I present, for your entertainment purposes, the following vignettes from our latest trip. Today, Part Three of THREE.

Revenge is a Dish Best Served on an Unboughten Triangular Cardboard Convenience Store Pizza Slice Plate

I suppose Hick had a bone of contention stuck in his throat regarding my upstart behavior of having turnpike toll money ready a mile-and-a-half before he needed it. A bone of contention making him unable to eat while he was driving. I declared that was fine. I didn't need that slice of pizza I had planned on picking up at our final stop before reaching our destination. I could make myself a ham sandwich when we got home, but we'd still need to stop at Casey's for gas, and for the bathroom.

Hick drove like The Bandit with Smokey on his tail and a case of Coors in the trunk. He was the envy of the Japanese maglev train, Usain Bolt, and the bottom nine of the top ten land speed record holders from the Utah Salt Flats.

I knew Hick was trying to get a rise out of me. IF I could have pried myself loose from the Gs holding me against the seat. I swear my facial skin was flapping and my hair sticking straight back like the guy in the chair from the Maxell audio cassette ads of the 80s. I looked straight ahead, and refused to take the bait. Until Hick hit a bird.

Seriously, people! When is the last time you drove so fast that a flying bird couldn't get out of your way? It hit the windshield dead center (that adjective is no accident). I think I saw its beak open in a silent caw just before the impact. The collision took a skosh of speed off A-Cad's trajectory, and I managed to lift my arms, palms up, to shoulder level. Let the record show that no verbiage escaped Val's lips.

"WHAT? Oh, you think that was MY fault? That I hit that bird? Figures!"

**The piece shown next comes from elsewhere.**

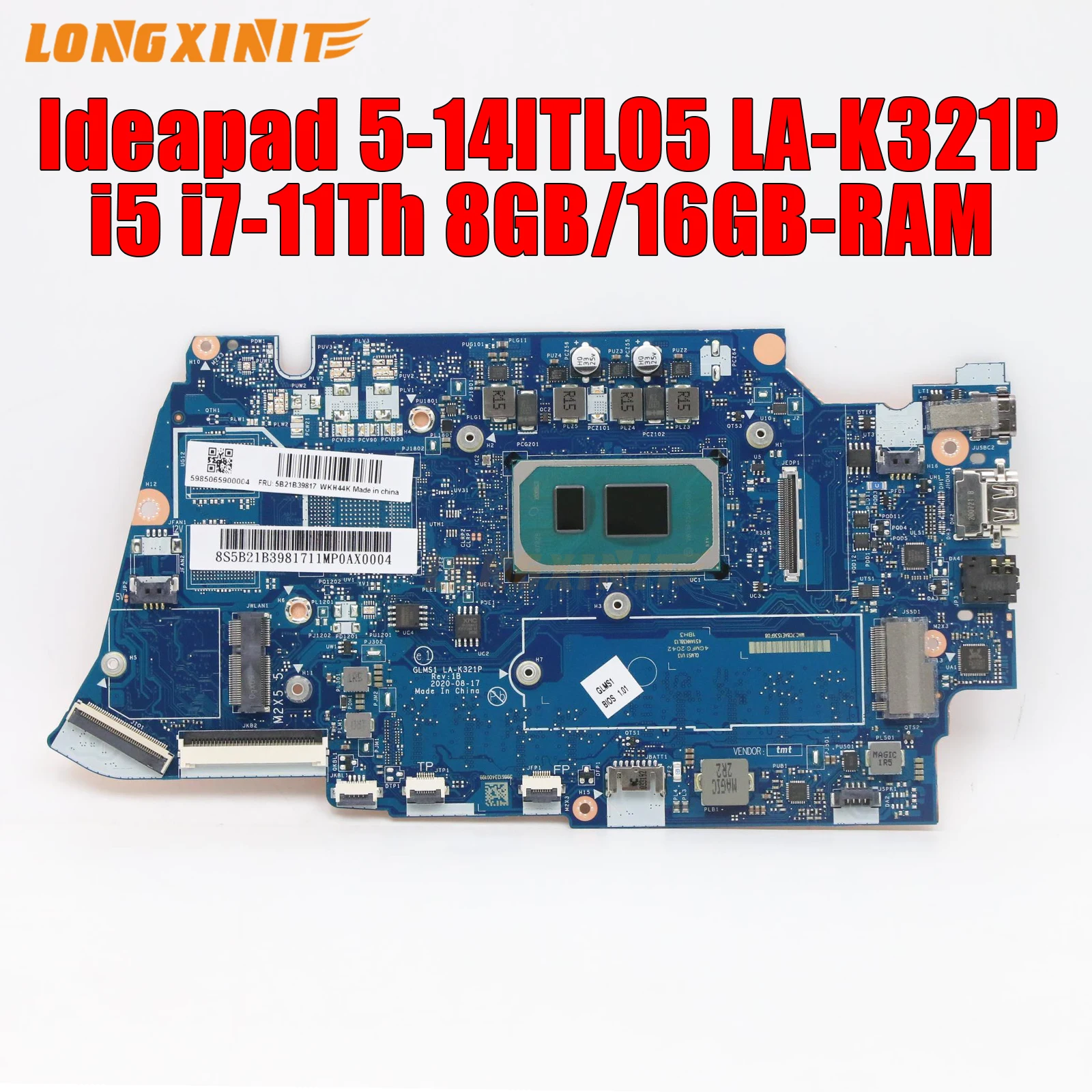 LA-K321P. Материнская плата для ноутбука Lenovo ldeapad 5-14ITL05. С. Центральным процессором: Φ, 8 ГБ/16 ГБ-RAM. UMA 100% протестированный ОК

Hick was his regular sunny car trip self. We barreled on into Casey's town, slowing down to 40 in a 30, and he pulled up to the pumps. He didn't look at me. Or speak. I gathered up our trash (from his snacks) and put them in the garbage can. The wind was freezing, and I needed to use the facilities, so I headed inside while Hick was pumping gas. The restrooms there are single-seaters. I heard the door of the men's room slam while I was doing my business. I figured it was Hick. He drinks a soda at every rest stop, and gets out to pee at every gas stop. He's as predictable as a puppy. What goes in soon comes out.

I went up front by the registers. Three teens and a lady were pulling pizza slices out of the spinning, glass-doored pizza warmer. I glanced over there. Just because. One kid had THREE slices! It would probably have been more feasible to buy a whole pizza, but I suppose they didn't have time to waste.  I, on the other hand, did.

I looked back down the restroom hallway. No Hick. It was taking him a while. Maybe he was feeling a bit...um...indisposed. From his breakfast of biscuits and gravy, scrambled eggs, sausage, bacon, a cinnamon roll, and three glasses of orange juice, plus the snacks of two bananas, a Snickers bar, a bag of Baked Lays, and three 20 oz sodas.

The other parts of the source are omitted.